Liberal Democrat chief whip Paul Burstow has said he won’t be nodding the bill through the wash-up because there hasn’t been enough time for MPs “to examine it in detail.”
Many of his Lib-Dem colleagues say the bill, particularly the part relating to disconnecting serial illegal file-sharers from the Internet, is being rushed through without sufficient debate.
They’re likely to oppose the bill but the Conservatives look set to back the government’s proposals.
One sticking point may be the reintroduction of plans to allow ministers to modify copyright law to block Web sites that offer pirated music and film content.
During the bill’s passage through the House of Lords, the government’s plan to allow the secretary of state to modify the Copyrights, Designs and Patents Act of 1988 in response to new forms of illegal file-sharing was blocked by both the Liberal Democrats and the Conservatives.
Even if the law is passed – and newspaper straw polls suggest it may well be – it’s unlikely to be the end of the opposition to it.
The bill has come under sustained attack from Internet companies including Google and Facebook and major broadband providers such as British Telecom and TalkTalk. Neither is happy about the cost of legally challenging their sites being blocked or about having to snoop on customers suspected of illegal file-sharing.
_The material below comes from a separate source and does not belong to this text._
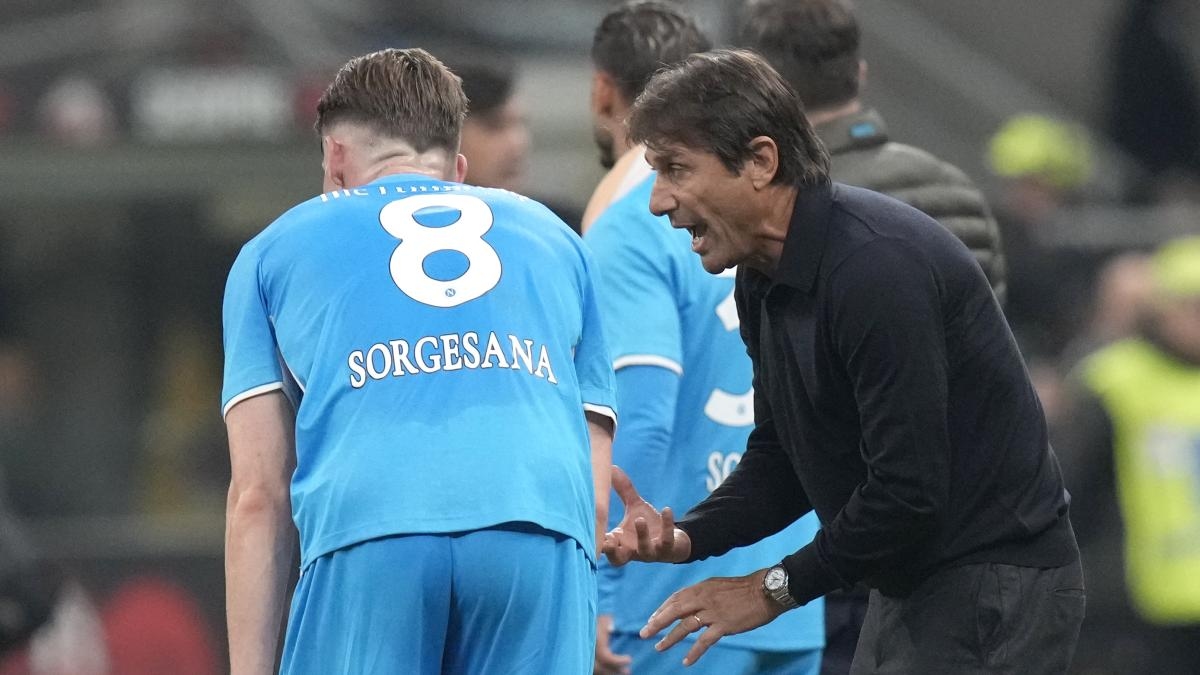 Nu Conte en McTominay de Ballon d'Or hebben gewonnen, behoort Napoli tot de Europese top.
The Guardian questioned whether the British Phonographic Industry, whose members would most benefit from an end to illegal file-sharing, is happy with the amount of time MPs have been given to debate the bill.
The paper suggested the BPI doesn’t want parliament to spend longer on the bill because it would only increase the likelihood of it being derailed.
It said MPs are planning to pass one of the most important bills in British history without even talking it over. It also pointed out that tens of thousands of Brits have written to their MPs and demanded they show up for work during the wash-up and make sure the legislation is thoroughly discussed before it’s unloaded on the UK.
House Of Commons leader Harriet Harman, who has admitted “ministers are aware” of the strong feelings being sparked by the proposed new law, has reportedly been sent at least 2,000 letters. Another 15,000 letters have been sent to MPs asking them to make sure there is a full debate.
The BPI is also said to be concerned that the government’s anti-piracy measures could lead to greater use of encryption technology to disguise internet traffic, thereby preventing anyone monitoring which pirate sites they’re visiting.